# [SOURCE DATA]

========

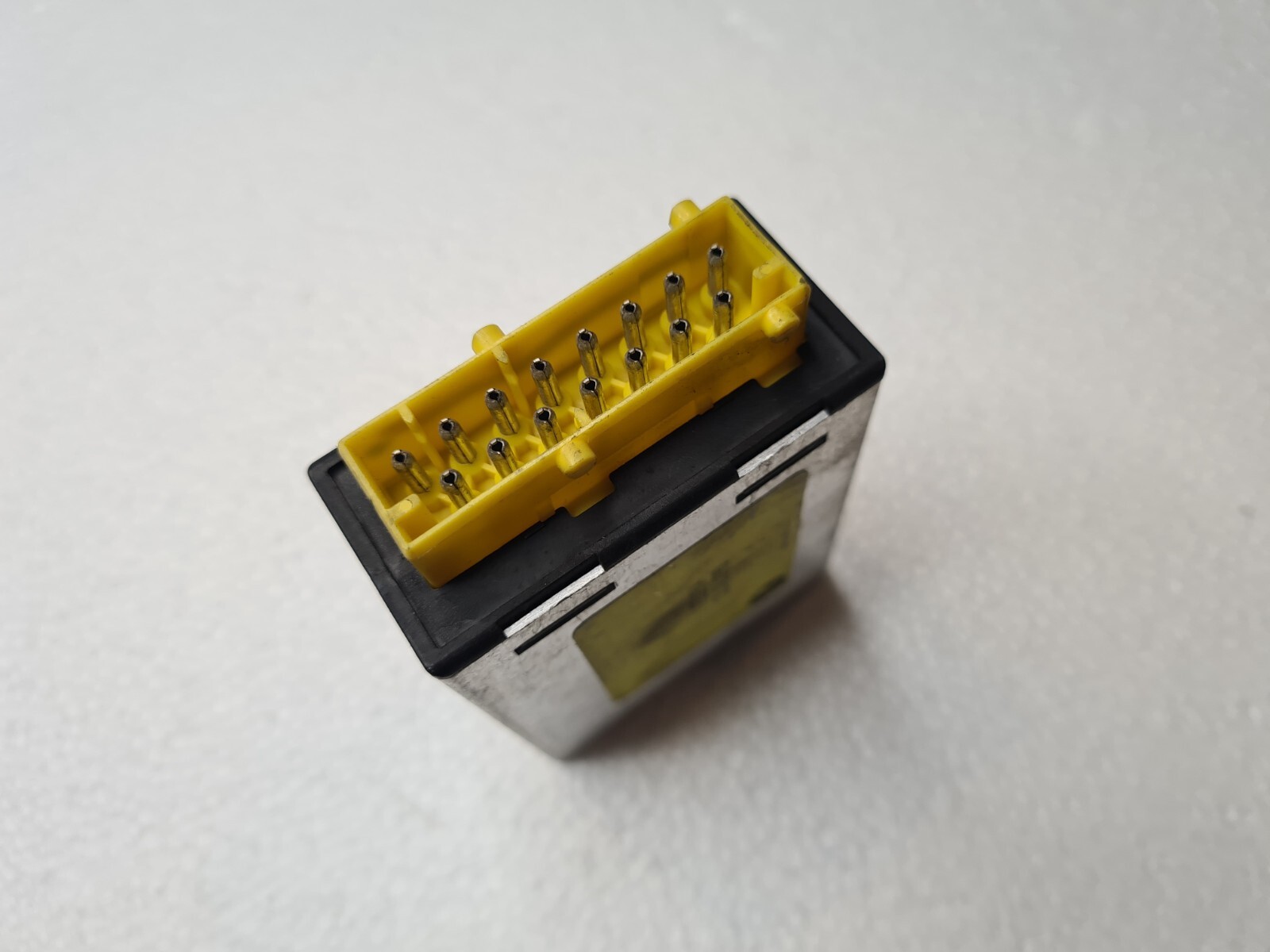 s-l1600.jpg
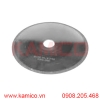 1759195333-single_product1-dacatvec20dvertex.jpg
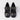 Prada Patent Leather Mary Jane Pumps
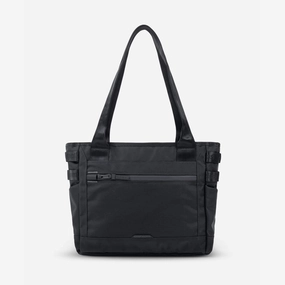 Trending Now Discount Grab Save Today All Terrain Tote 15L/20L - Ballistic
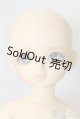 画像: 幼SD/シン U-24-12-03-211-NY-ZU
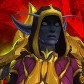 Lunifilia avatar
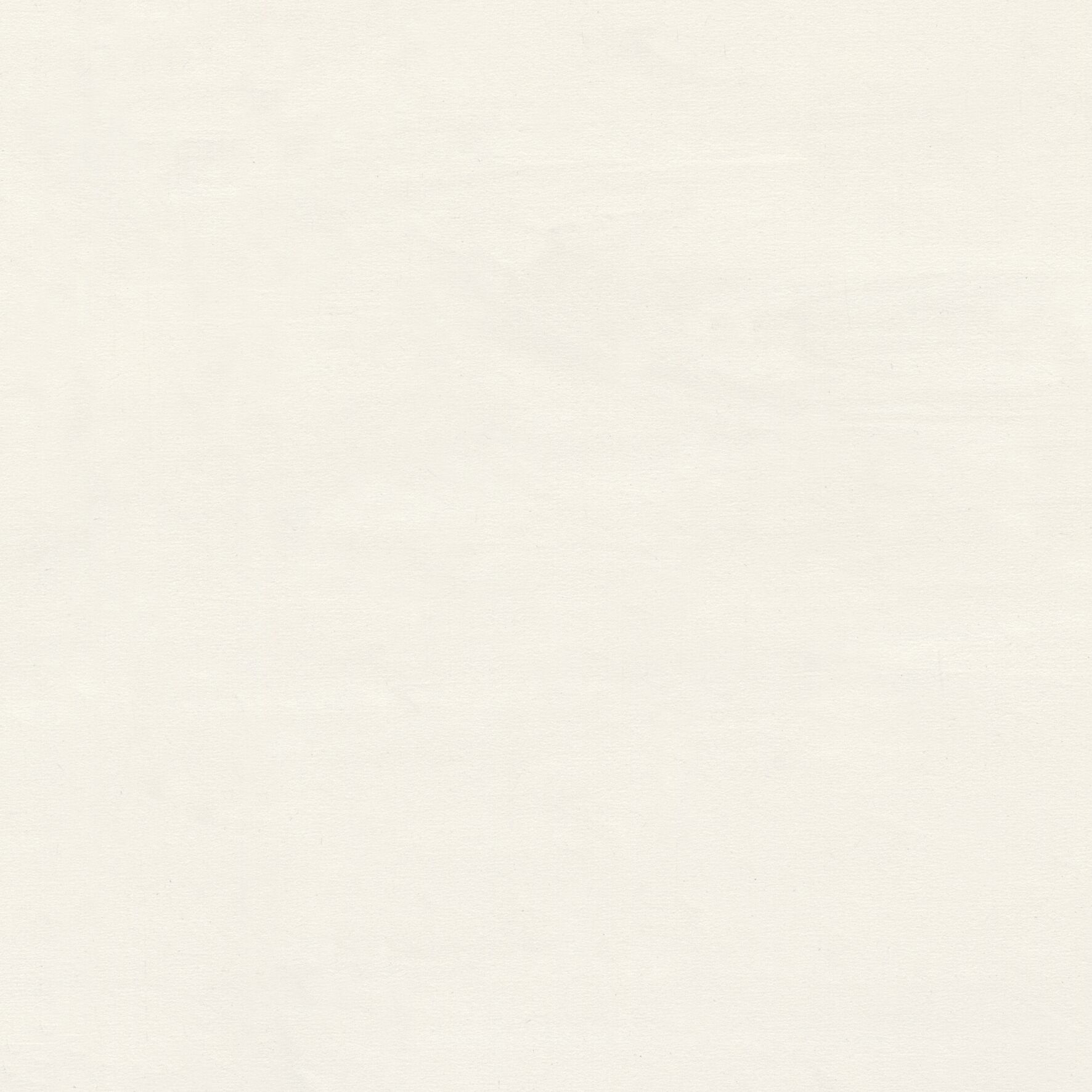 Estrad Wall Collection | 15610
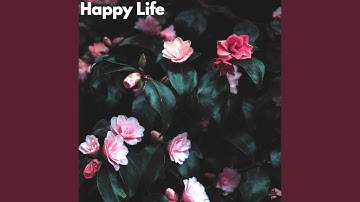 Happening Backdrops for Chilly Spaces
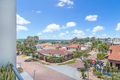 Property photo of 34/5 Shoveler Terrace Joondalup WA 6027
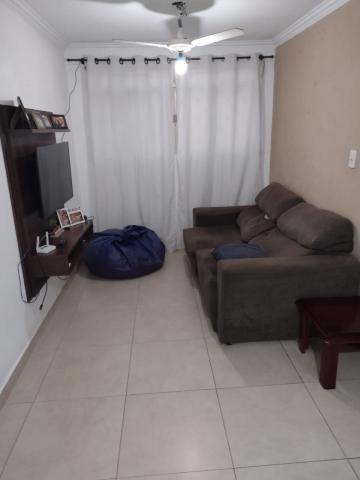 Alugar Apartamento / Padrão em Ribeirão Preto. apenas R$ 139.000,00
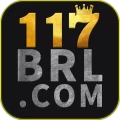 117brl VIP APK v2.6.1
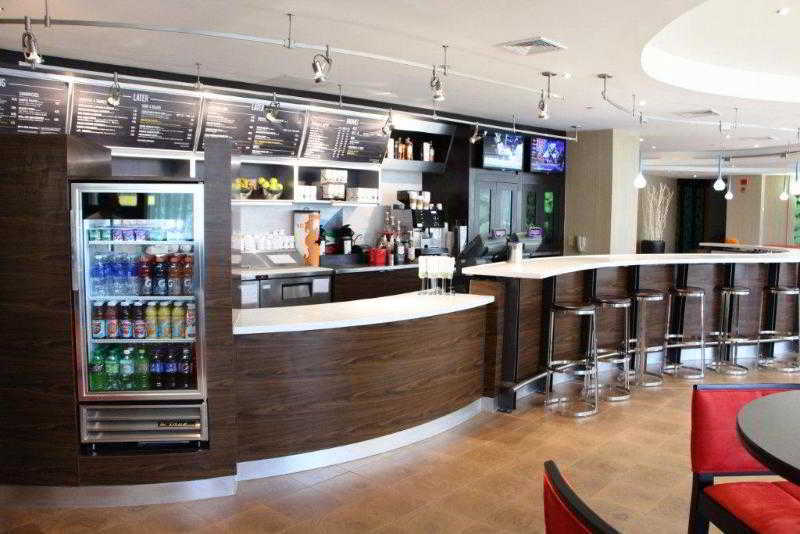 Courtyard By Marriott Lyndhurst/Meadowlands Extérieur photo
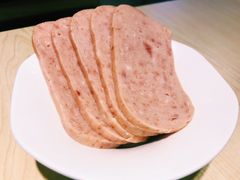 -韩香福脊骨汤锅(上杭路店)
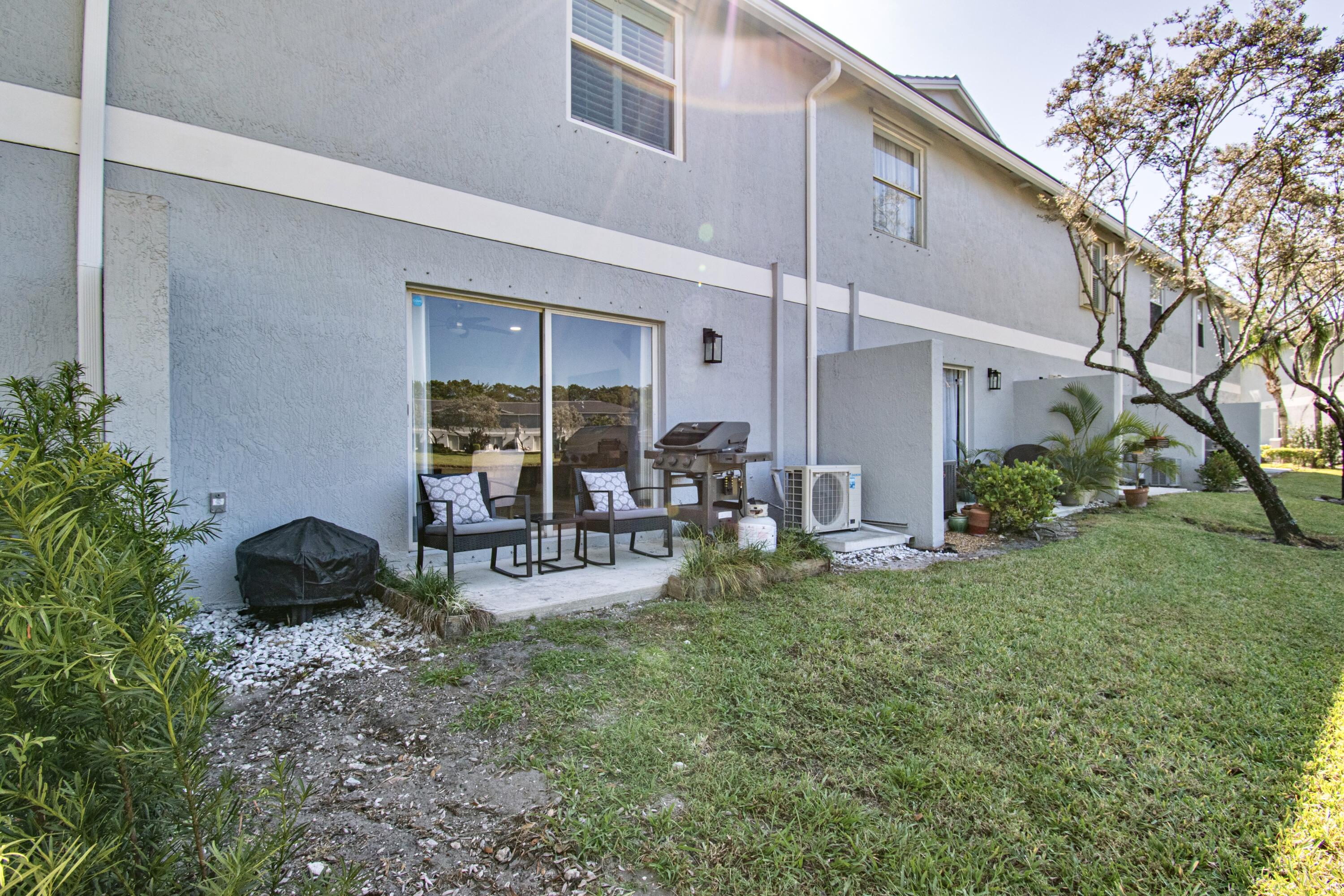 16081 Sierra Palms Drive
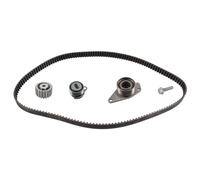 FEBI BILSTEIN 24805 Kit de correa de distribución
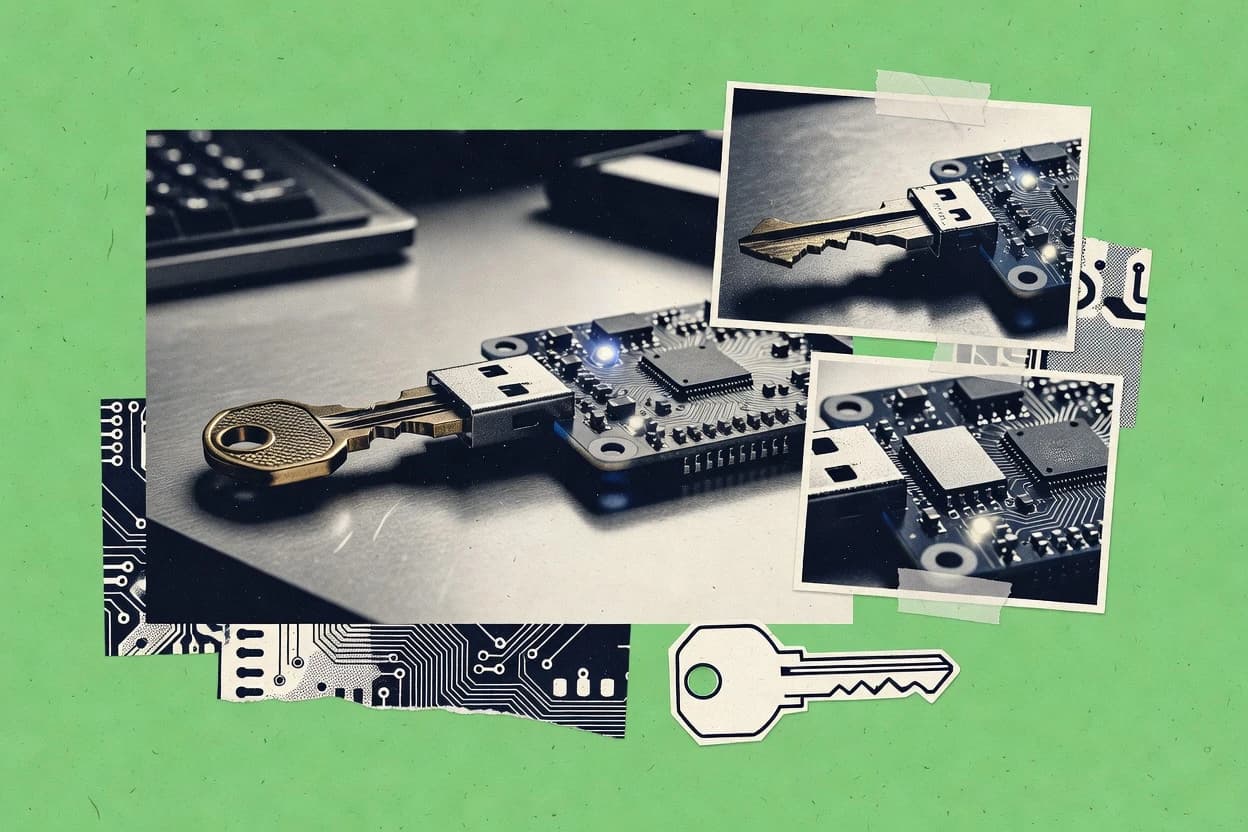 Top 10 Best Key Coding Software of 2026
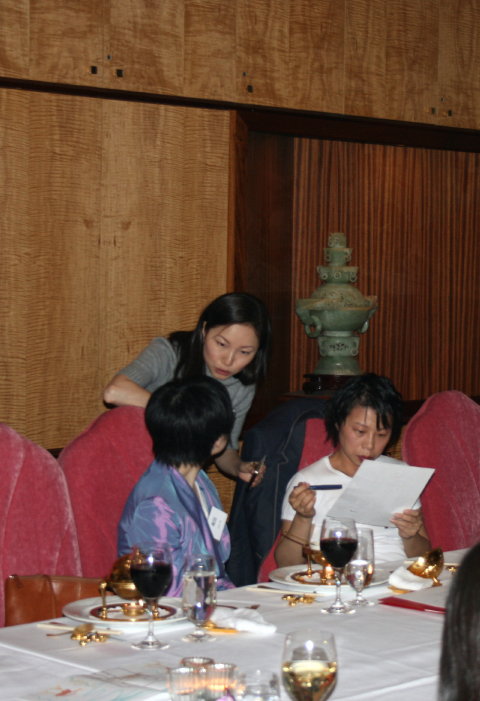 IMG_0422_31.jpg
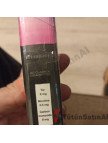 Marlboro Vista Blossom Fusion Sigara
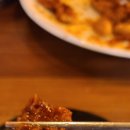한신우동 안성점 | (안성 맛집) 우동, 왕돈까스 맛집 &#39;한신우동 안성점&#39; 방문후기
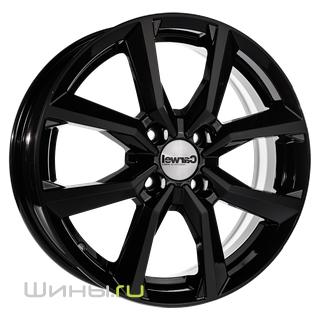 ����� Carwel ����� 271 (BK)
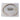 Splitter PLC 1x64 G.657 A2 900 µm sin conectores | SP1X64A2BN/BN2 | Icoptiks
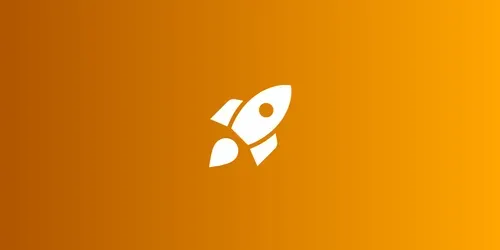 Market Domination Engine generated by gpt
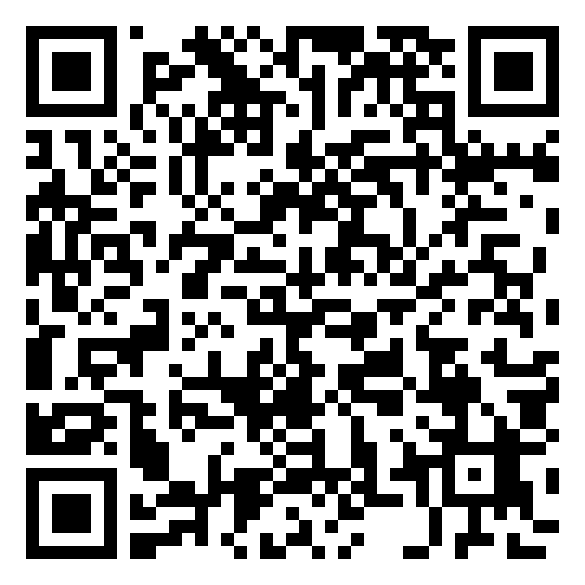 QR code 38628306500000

========

# [INSTRUCTIONS FOR THE TASK]
Find the line with "Lunifilia avatar" in the listing above, then write it out along with every later line through the last one, exactly, omitting pictures.

# [EXERCISE RESULT]
 Lunifilia avatar
 Estrad Wall Collection | 15610
 Happening Backdrops for Chilly Spaces
 Property photo of 34/5 Shoveler Terrace Joondalup WA 6027
 Alugar Apartamento / Padrão em Ribeirão Preto. apenas R$ 139.000,00
 117brl VIP APK v2.6.1
 Courtyard By Marriott Lyndhurst/Meadowlands Extérieur photo
 -韩香福脊骨汤锅(上杭路店)
 16081 Sierra Palms Drive
 FEBI BILSTEIN 24805 Kit de correa de distribución
 Top 10 Best Key Coding Software of 2026
 IMG_0422_31.jpg
 Marlboro Vista Blossom Fusion Sigara
한신우동 안성점 | (안성 맛집) 우동, 왕돈까스 맛집 &#39;한신우동 안성점&#39; 방문후기
 ����� Carwel ����� 271 (BK)
 Splitter PLC 1x64 G.657 A2 900 µm sin conectores | SP1X64A2BN/BN2 | Icoptiks
 Market Domination Engine generated by gpt
 QR code 38628306500000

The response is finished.